::: Information supplied

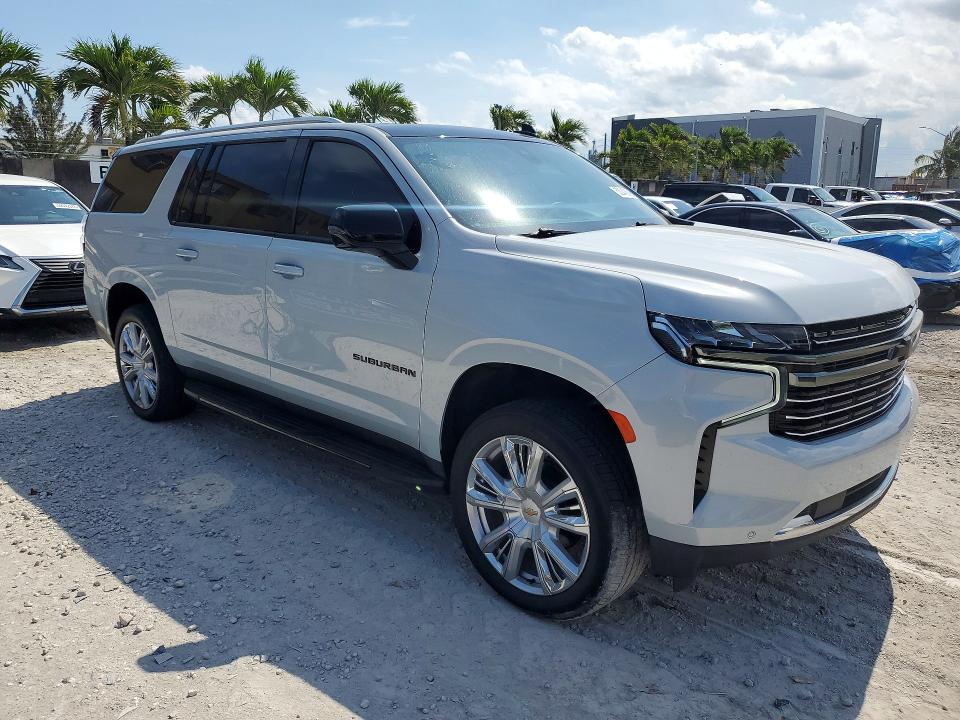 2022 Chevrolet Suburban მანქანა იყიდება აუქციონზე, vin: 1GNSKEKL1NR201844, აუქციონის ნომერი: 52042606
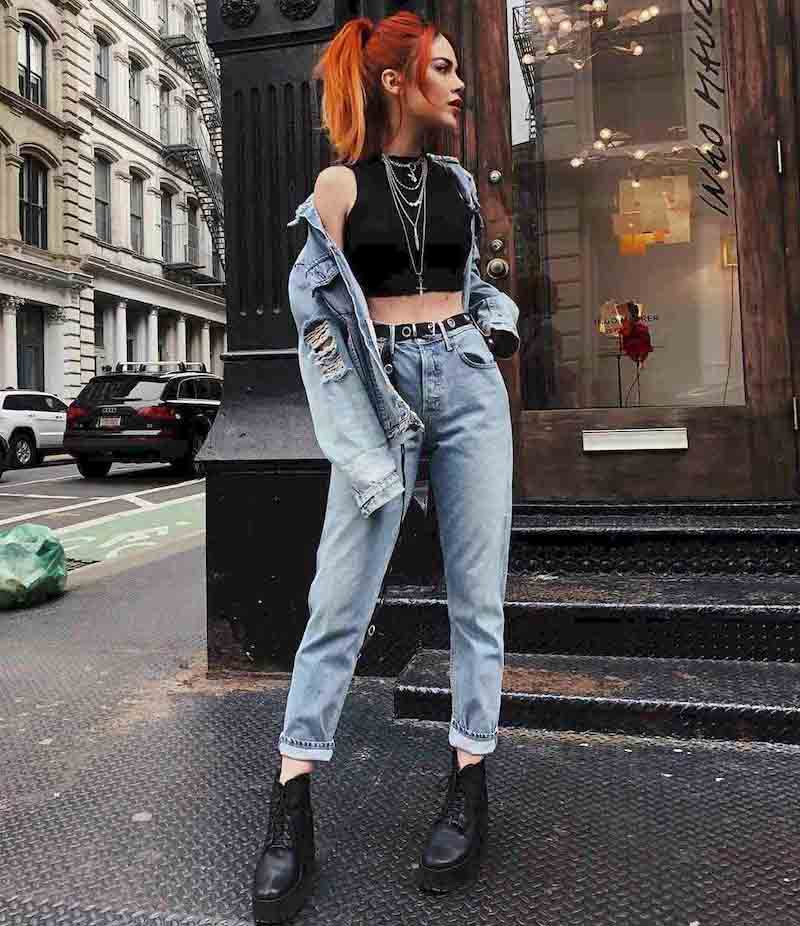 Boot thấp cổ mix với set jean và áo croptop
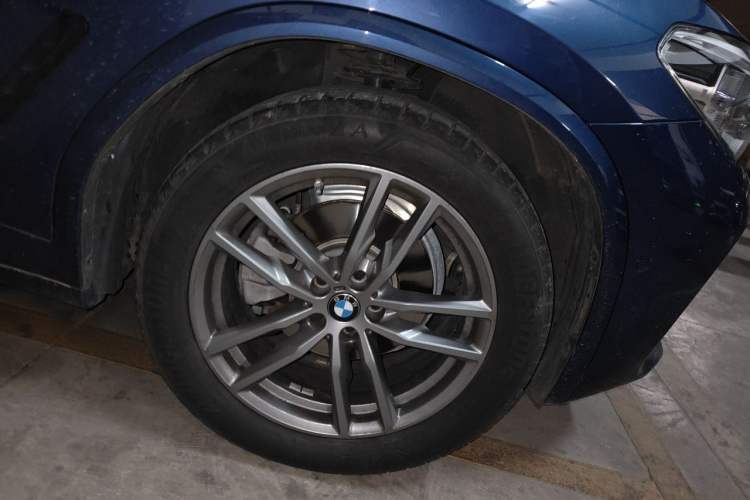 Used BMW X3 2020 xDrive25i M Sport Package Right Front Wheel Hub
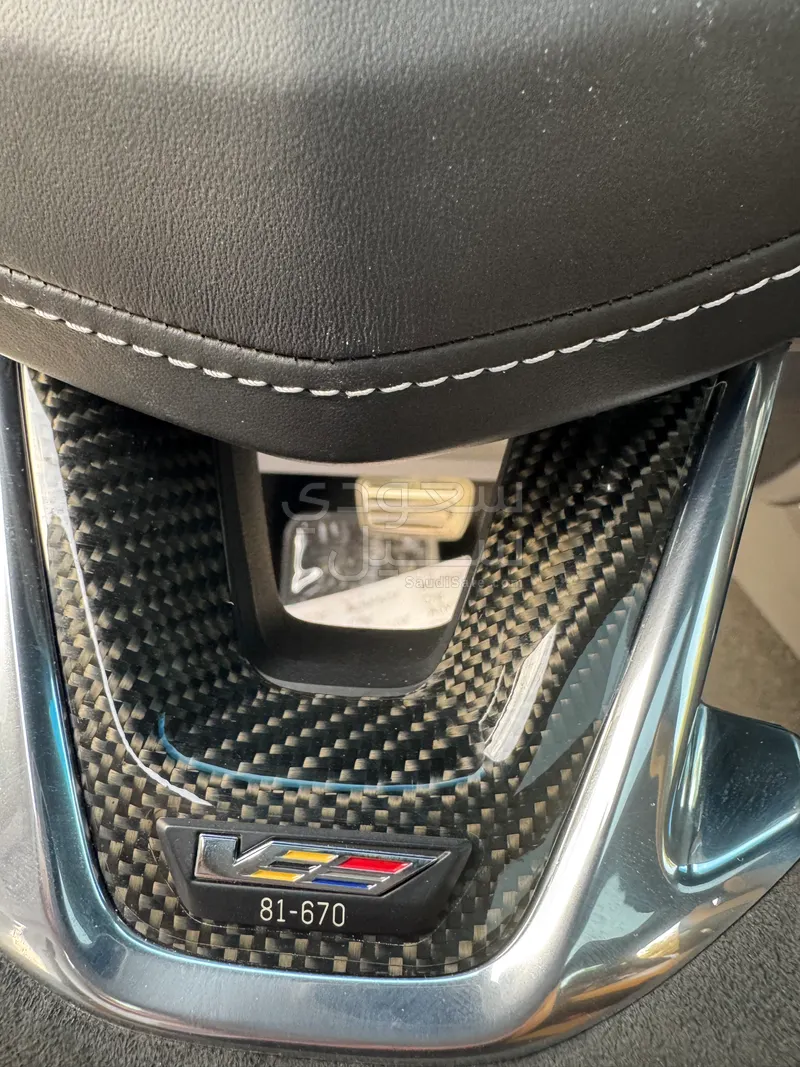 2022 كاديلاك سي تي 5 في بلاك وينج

::::::

▸ What needs to be done
Repeat the listing verbatim. Skip the pictures.

▸ Solution to this task
 2022 Chevrolet Suburban მანქანა იყიდება აუქციონზე, vin: 1GNSKEKL1NR201844, აუქციონის ნომერი: 52042606
 Boot thấp cổ mix với set jean và áo croptop
 Used BMW X3 2020 xDrive25i M Sport Package Right Front Wheel Hub
 2022 كاديلاك سي تي 5 في بلاك وينج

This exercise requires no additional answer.